One thing that could solve the thermal issues for x3D chips entirely is if they could manage to put the additional cache under the existing CCD rather than on top of it. I don't know how difficult this would be, but I see no reason as to why it would be outright impossible. This would probably require a lot of re-engineering if you start from an existing CCD design, but if the cache-under-CCD usecase were to be considered during the design of the Zen 5 CCDs it might be feasible.
LOL, I just watched a Doug DeMuro video right before this.
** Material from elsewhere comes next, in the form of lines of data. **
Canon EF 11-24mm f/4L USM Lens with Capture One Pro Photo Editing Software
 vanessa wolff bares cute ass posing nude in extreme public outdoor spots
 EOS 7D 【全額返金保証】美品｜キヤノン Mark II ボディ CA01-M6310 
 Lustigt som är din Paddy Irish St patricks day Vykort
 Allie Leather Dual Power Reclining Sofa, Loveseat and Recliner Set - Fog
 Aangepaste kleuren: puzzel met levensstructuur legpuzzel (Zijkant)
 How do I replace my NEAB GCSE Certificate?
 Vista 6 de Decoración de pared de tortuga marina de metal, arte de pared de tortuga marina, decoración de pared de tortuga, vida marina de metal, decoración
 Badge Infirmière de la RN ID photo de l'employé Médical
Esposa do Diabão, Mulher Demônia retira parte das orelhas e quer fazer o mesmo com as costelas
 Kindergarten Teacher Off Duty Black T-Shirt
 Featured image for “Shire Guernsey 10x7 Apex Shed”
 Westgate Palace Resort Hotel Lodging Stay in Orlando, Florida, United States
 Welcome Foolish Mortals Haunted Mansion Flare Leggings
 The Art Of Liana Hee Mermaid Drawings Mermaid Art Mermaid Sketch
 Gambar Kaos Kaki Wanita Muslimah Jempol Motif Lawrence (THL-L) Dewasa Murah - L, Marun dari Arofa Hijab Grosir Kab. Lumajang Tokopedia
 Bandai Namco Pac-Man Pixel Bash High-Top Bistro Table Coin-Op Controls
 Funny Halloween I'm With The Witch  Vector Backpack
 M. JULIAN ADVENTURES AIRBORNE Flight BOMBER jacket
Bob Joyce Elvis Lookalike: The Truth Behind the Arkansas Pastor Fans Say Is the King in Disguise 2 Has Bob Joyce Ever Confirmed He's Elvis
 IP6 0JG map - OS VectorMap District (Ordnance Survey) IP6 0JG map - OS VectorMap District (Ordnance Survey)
I'm sure he would be thrilled to learn that "Quirks and Features" is now part of German tech reporting. :)
Something you've not touched on though is that the faster l3 "3d" cache with lower latencies will counter the higher reduction in clock speeds for the 7800x3d models and offer more of an increase where the clock speed reductions are lower (vs zen3 x3d).
One thing not mentioned between the two generations is price...
Is it possible that the X3D is less expensive ?
At the time I made the video the price wasn't known, but in the meantime AMD has announced it.
I made a community post about it: th-cam.com/users/postUgkxv1O_RcZIvii-E0maCyu1iF7mYGOnvH57
I recall hearing about a chip cooling tech involving "pillars" going through the chip that would help with 3D layouts, maybe something like that can be the solution for X3D's heat dissipation woes?
I sort of wondered why they didn't install copper or other metal pillars through or athwart the chip to dissipate heat...but I'm not a chip engineer and figured I was just dumb.
@@BronzeDragon133 Yeah, the TSVs are probably copper? They should be much more thermally conductive than silicon. I wonder if they could put a bunch of extra TSVs through the cores to pull more heat out.
Another great video High Yield. In answering your question as to what the future of 3D stacking looking like and how will we get around the issue of stacking heat sources, the answer is on die micro channel liquid cool. To properly realise 3D chip designs TSMC have been testing Direct Water Cooling, where the water channels were etched directly into the silicon layer on top of the CPU. In there tests, silicon channels were etched into a silicon layer with a silicon-oxide thermal interface material between the microfluidic system and the actual silicon of the TTV. In a third option, the silicon-oxide TIM was replaced with a liquid metal TIM. The results were really impressive and could enable more than 2000w chips what are still properly cooled if we ever needed to these levels.
I've got my components for more than a month and waiting for the 3D V-Cache CPU, despite the trade off.
Even if it runs slower than the normal X variants, CPU of 2022 and 2023 is already pretty blazing fast, even if it's a bit slower.
So you are out of the 14-days or 30-days return window in case one of those components fails to work or works unacceptably.
@@GholaTleilaxu That's true, but at least the company behind the components usually have very long warranties. So I'll just make use of that.
Its odd we still get no Releasedate or Price so far. Im really looking forward to the Reviews and if its worth to upgrade to AM5.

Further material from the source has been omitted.